Creato il 13 dicembre 2011 da Chiosaluxemburg @ChiosaLuxemburg
Ingrao vs. Hessel: indignarsi non basta
Si può rimanere indifferenti quando a parlare sono due vecchi saggi come Stèphane Hessel e Pietro Ingrao? Io dico di no. Specialmente in un momento come questo in cui la confusione incalza e molti preferiscono strillare, sbraitare, anziché ragionare e reagire con dignità alla crisi. Siamo chiamati tutti a grandi sacrifici che spesso non riusciamo proprio a capire. E’ giusto indignarsi  (altri direbbero “incazzarsi”); l’importante è capire che cosa o chi ci fa indignare. L’incazzato alla Fantozzi è sempre facile preda, o del populista di turno, o del solito profeta mediatico che lo garantirà contro i cosiddetti “poteri forti” (come se esistessero dei poteri “deboli”).
 Io sono dell’idea che prima occorre conoscere bene il nemico, e poi organizzarsi per agire saldi e compatti. Questi due anziani signori ci danno qualche utile spunto di riflessione. Come? Basta acquistare due libricini  di poco più di 60 pagine  e del costo di euro 5 cadauno: “Indignatevi!”, Stèphene Hessel, Add editore (2010);  e “ Indignarsi non basta”, Pietro Ingrao, Aliberti editore (2011).

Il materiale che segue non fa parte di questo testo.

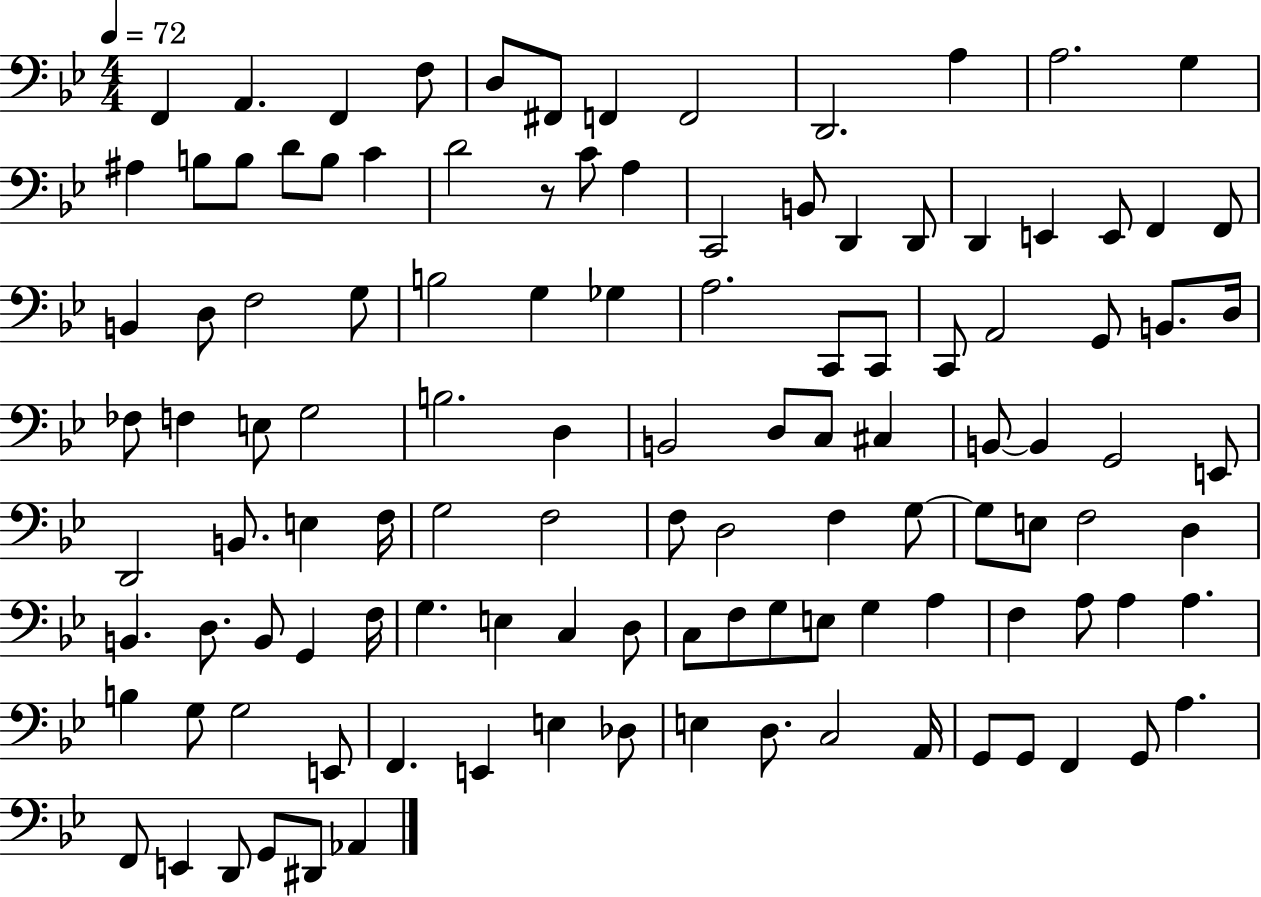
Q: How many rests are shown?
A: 1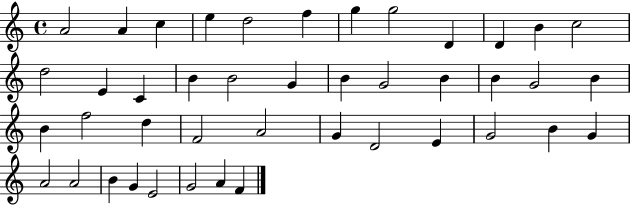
{
  \clef treble
  \time 4/4
  \defaultTimeSignature
  \key c \major
  a'2 a'4 c''4 | e''4 d''2 f''4 | g''4 g''2 d'4 | d'4 b'4 c''2 | \break d''2 e'4 c'4 | b'4 b'2 g'4 | b'4 g'2 b'4 | b'4 g'2 b'4 | \break b'4 f''2 d''4 | f'2 a'2 | g'4 d'2 e'4 | g'2 b'4 g'4 | \break a'2 a'2 | b'4 g'4 e'2 | g'2 a'4 f'4 | \bar "|."
}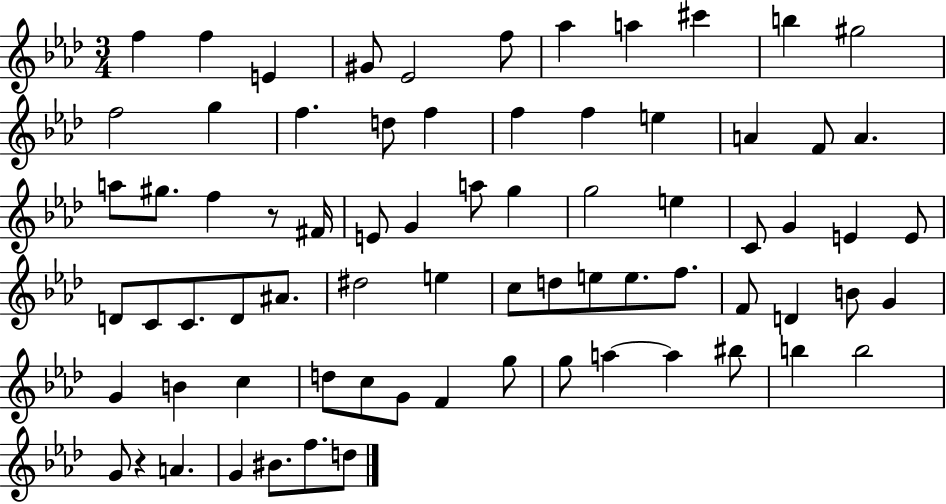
{
  \clef treble
  \numericTimeSignature
  \time 3/4
  \key aes \major
  f''4 f''4 e'4 | gis'8 ees'2 f''8 | aes''4 a''4 cis'''4 | b''4 gis''2 | \break f''2 g''4 | f''4. d''8 f''4 | f''4 f''4 e''4 | a'4 f'8 a'4. | \break a''8 gis''8. f''4 r8 fis'16 | e'8 g'4 a''8 g''4 | g''2 e''4 | c'8 g'4 e'4 e'8 | \break d'8 c'8 c'8. d'8 ais'8. | dis''2 e''4 | c''8 d''8 e''8 e''8. f''8. | f'8 d'4 b'8 g'4 | \break g'4 b'4 c''4 | d''8 c''8 g'8 f'4 g''8 | g''8 a''4~~ a''4 bis''8 | b''4 b''2 | \break g'8 r4 a'4. | g'4 bis'8. f''8. d''8 | \bar "|."
}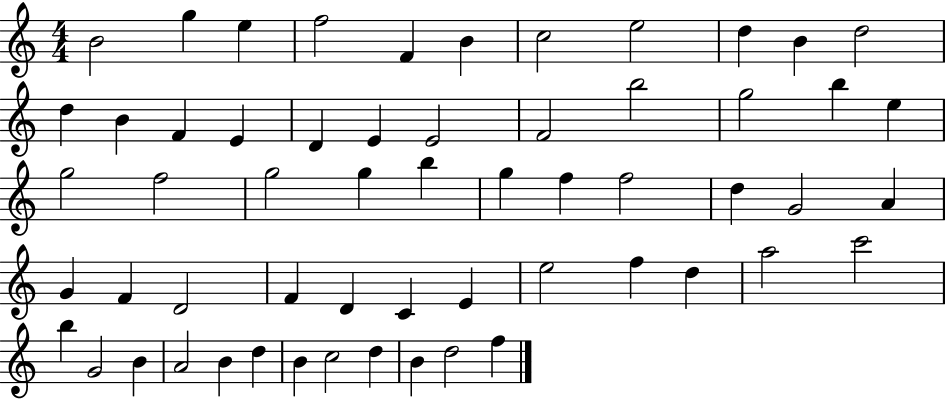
B4/h G5/q E5/q F5/h F4/q B4/q C5/h E5/h D5/q B4/q D5/h D5/q B4/q F4/q E4/q D4/q E4/q E4/h F4/h B5/h G5/h B5/q E5/q G5/h F5/h G5/h G5/q B5/q G5/q F5/q F5/h D5/q G4/h A4/q G4/q F4/q D4/h F4/q D4/q C4/q E4/q E5/h F5/q D5/q A5/h C6/h B5/q G4/h B4/q A4/h B4/q D5/q B4/q C5/h D5/q B4/q D5/h F5/q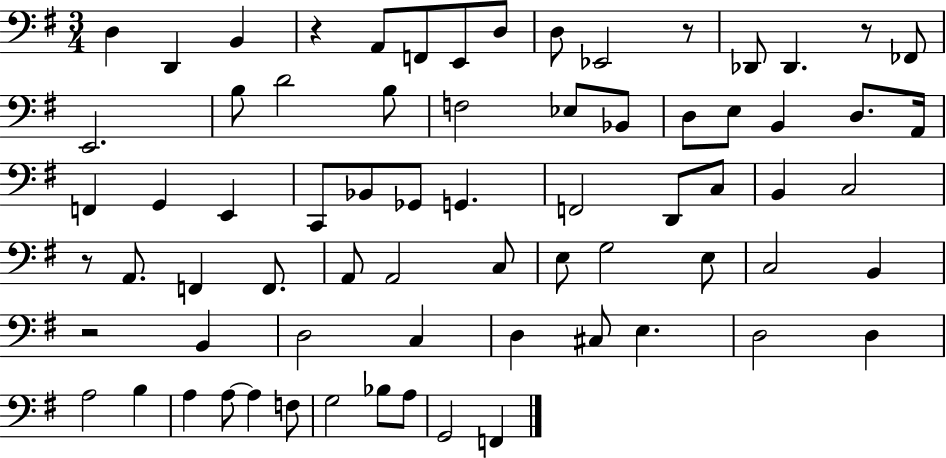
X:1
T:Untitled
M:3/4
L:1/4
K:G
D, D,, B,, z A,,/2 F,,/2 E,,/2 D,/2 D,/2 _E,,2 z/2 _D,,/2 _D,, z/2 _F,,/2 E,,2 B,/2 D2 B,/2 F,2 _E,/2 _B,,/2 D,/2 E,/2 B,, D,/2 A,,/4 F,, G,, E,, C,,/2 _B,,/2 _G,,/2 G,, F,,2 D,,/2 C,/2 B,, C,2 z/2 A,,/2 F,, F,,/2 A,,/2 A,,2 C,/2 E,/2 G,2 E,/2 C,2 B,, z2 B,, D,2 C, D, ^C,/2 E, D,2 D, A,2 B, A, A,/2 A, F,/2 G,2 _B,/2 A,/2 G,,2 F,,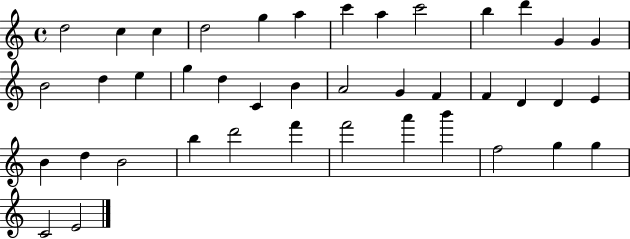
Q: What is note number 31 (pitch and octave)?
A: B5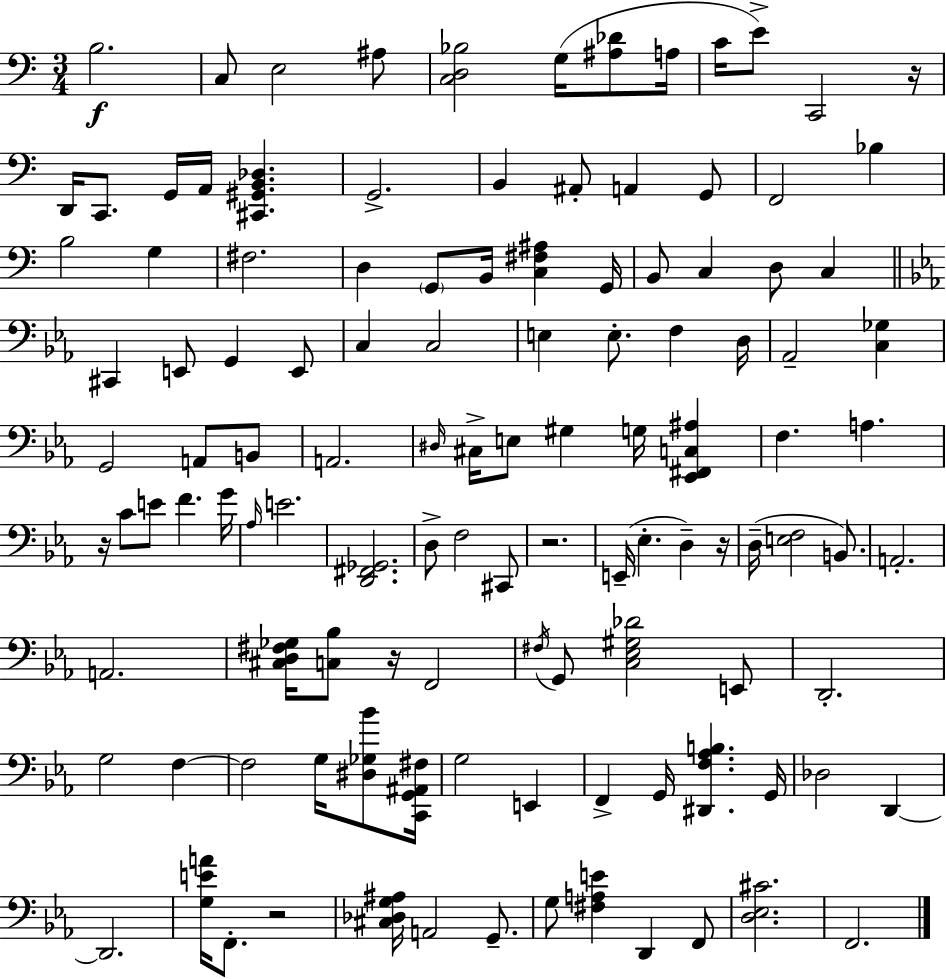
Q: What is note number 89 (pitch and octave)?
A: G2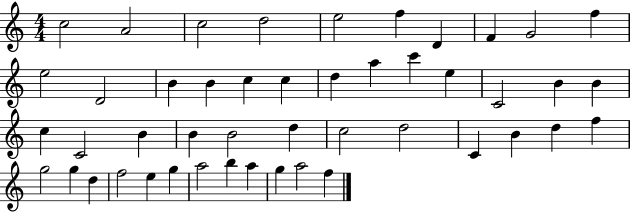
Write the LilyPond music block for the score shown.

{
  \clef treble
  \numericTimeSignature
  \time 4/4
  \key c \major
  c''2 a'2 | c''2 d''2 | e''2 f''4 d'4 | f'4 g'2 f''4 | \break e''2 d'2 | b'4 b'4 c''4 c''4 | d''4 a''4 c'''4 e''4 | c'2 b'4 b'4 | \break c''4 c'2 b'4 | b'4 b'2 d''4 | c''2 d''2 | c'4 b'4 d''4 f''4 | \break g''2 g''4 d''4 | f''2 e''4 g''4 | a''2 b''4 a''4 | g''4 a''2 f''4 | \break \bar "|."
}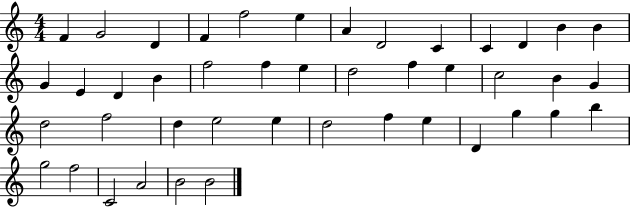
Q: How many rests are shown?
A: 0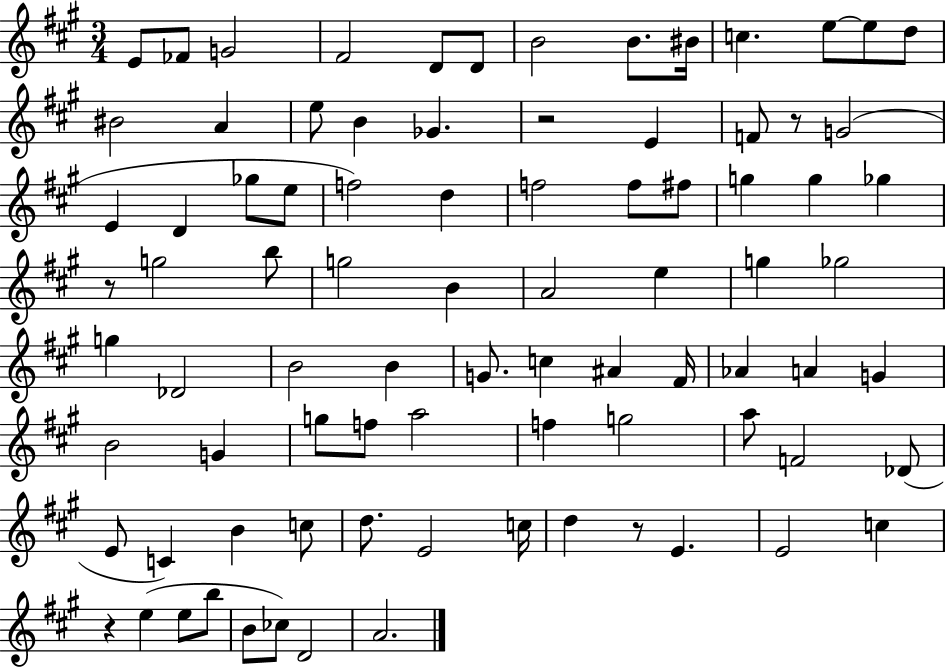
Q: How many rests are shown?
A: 5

 Vediamo innanzitutto chi sono i due personaggi in questione.
 Stèphane Hessel: un passato al servizio della resistenza francese, torturato dalla Gestapo e poi internato prima a Buchenwald e poi a Dora, riesce ad evadere per ben due volte in modo rocambolesco. Nel 1946 vince il concorso di entrata al ministero degli esteri ed intraprende la carriera diplomatica. Il suo primo incarico è prestigiosissimo: in veste di segretario di gabinetto di Henri Laugier, segretario aggiunto delle nazioni unite, Hessel sarà fra i membri della commissione incaricata di elaborare quella che diventerà la Dichiarazione Universale dei Diritti dell’Uomo. Negli anni 80’ aderirà al partito socialista di François Mitterand.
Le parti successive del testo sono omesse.